More interestingly, LCP-siRNA NPs more efficiently silenced the PD-1 gene expression in EL4 cells, in comparison with LDH NPs (Figure 3). Apart from the quick uptake by EL4 cells, there may be two other reasons. The main reason is that a unit H⁺ number releases more siRNA in the LCP NP form than in the LDH NP form. As explained in the Appendix A, 1 mmol of H⁺ is able to dissolve 145 mg of LCP and thus release 8.4 mg of siRNA for silence, while this amount of H⁺ can only dissolve 40 mg of LDH and thus release 4.0 mg of siRNA in the current experimental conditions. This estimation suggests that the functional siRNA released from LCP-siRNA hybrids is two times as that from LDH-siRNA hybrids during the endosome escape. On the other hand, the solubility of CaHPO4 is ca. 200 mg/L, while that of LDH is 50–100 mg/L [16] at the neutral pH, so more functional siRNA can be released from LCP-siRNA hybrids (11.6 mg/L siRNA) than from LDH-siRNA hybrids (5–10 mg/L siNRA) after they are delivered to the cytosol with the nearly neutral pH. Thus, these two factors, together with the quicker cellular uptake, enable LCP-siNRA hybrids to more efficiently release functional siRNA in the cytosol and knockdown the target PD-1 gene expression (Figure 3), seemingly being 3–4 times higher at the siRNA dose of 80 nM. When compared with optimized functional LDH-siRNA formulations (LDH:siRNA mass ratio = 5:1) reported previously [34], the current LCP NPs appear as more cost-effective siRNA carriers and vehicles for cellular delivery. As an example for confirmation, LCP NPs were further used to deliver the functional siRNA to human TILs and effectively knockdown the PD-1 gene expression (Figure 5).
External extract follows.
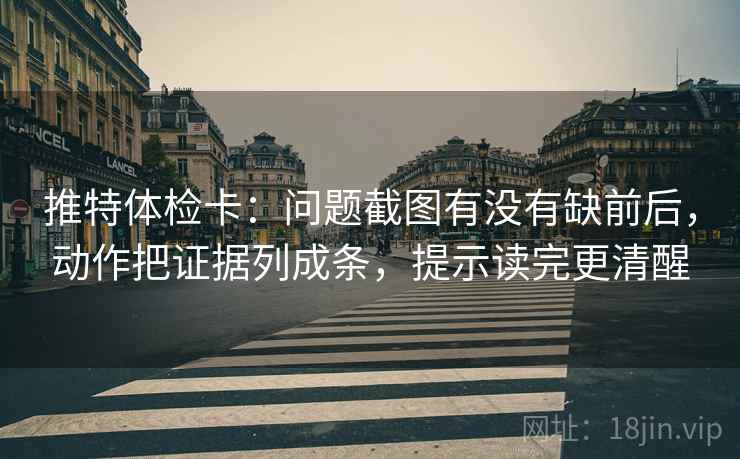 推特体检卡:问题截图有没有缺前后,动作把证据列成条,提示读完更清醒 推特体检卡:问题截图有没有缺前后,动作把证据列成条,提示读完更清醒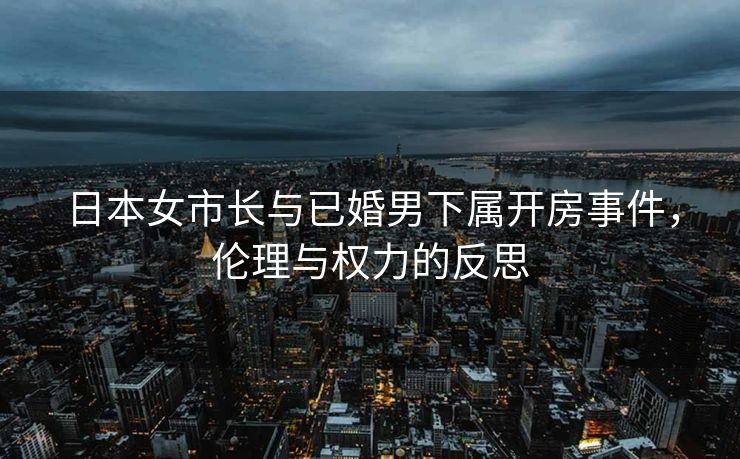 日本女市长与已婚男下属开房事件，伦理与权力的反思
In summary, the current research has demonstrated that LCP NPs are more efficient siRNA delivery vehicles than LDH in terms of cellular delivery efficacy and the knockdown efficiency of target gene expression.

5. Conclusions

In conclusion, we compared two inorganic nanoparticles, i.e layered double hydroxide (LDH) and lipid-coated calcium phosphate (LCP), which are both safe and effective vectors for siRNA delivery in many cell types regarding the delivery efficacy of functional siRNA (PD-1 siRNA) into suspended T lymphocytes (EL4) and silencing the target gene. We found that LCP NPs showed a more cellular uptake and higher PD-1 gene silence efficiency in mouse T cell line EL4 than LDH and BSA-LDH NPs. We further found that LCP NPs significantly reduced the expression of PD-1 in human ex vivo TILs, indicating the feasibility of using LCP NPs for gene therapy in lymphocytes, especially for TIL-related cancer immunotherapy.